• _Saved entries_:

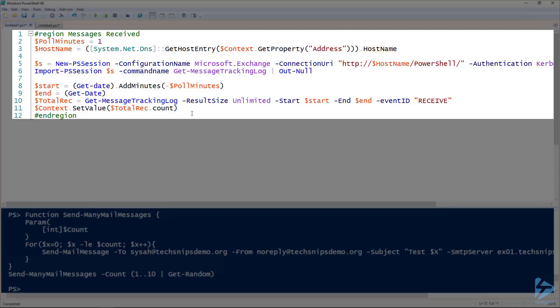Then lines five and six I'm creating and importing the Exchange session so I can talk to the Exchange server. Lines 10 and 11 are where the magic happens. Line 10 I'm getting all the emails with the received event ID, and on line 11 I'm returning that to WUG.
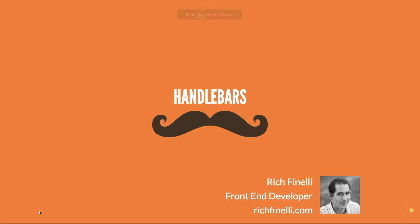Hi, my name is Rich Finnelli, and in this seventh video in my Handlebars training series, we'll talk about and use the UNLESS block helper that is a very handy helper built right into Handlebars.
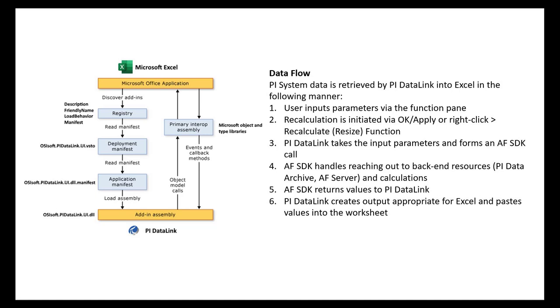You can find more detailed information on architecture and data flow of PyDataLink in the PyDataLink playbook on the customer portal. We'll go over how to find that in a later lesson.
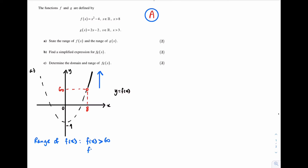So the range of f of x will just be f of x is greater than 60, f of x is an element of the real number set. Now I'm going to sketch the graph of y equal g of x in order to determine the range of y equal g of x.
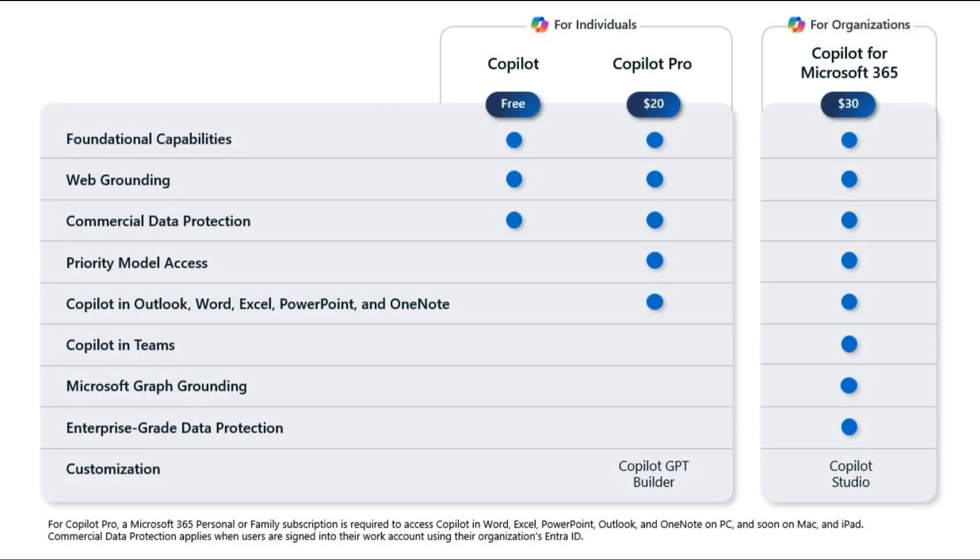So now everybody can access Copilot, whether a small customer, big customer, or personal user. Keep enjoying Copilot.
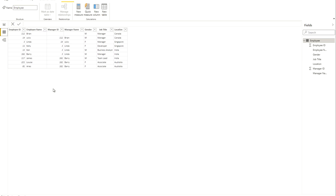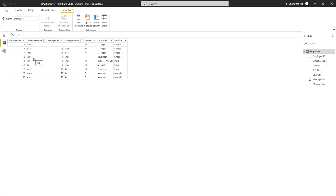Let me first show you the sample data table I created. The first column is the employee ID, the second is the employee name, and the third is the manager ID. Employee 112 has no manager — he is at the top level and is a manager himself. Employee 14 has manager ID 112, whose name is Brian. Some employees are managers themselves. We'll use parent and child functions on this data to explore hierarchy levels.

• _EXERCISE AIM_: Give back exactly the lines above from the one with "You can find" through the one with "So now everybody", both included. Pictures don't belong in the copy.

• _OUTPUT FOR THIS TASK_:
You can find more detailed information on architecture and data flow of PyDataLink in the PyDataLink playbook on the customer portal. We'll go over how to find that in a later lesson.
So the range of f of x will just be f of x is greater than 60, f of x is an element of the real number set. Now I'm going to sketch the graph of y equal g of x in order to determine the range of y equal g of x.
So now everybody can access Copilot, whether a small customer, big customer, or personal user. Keep enjoying Copilot.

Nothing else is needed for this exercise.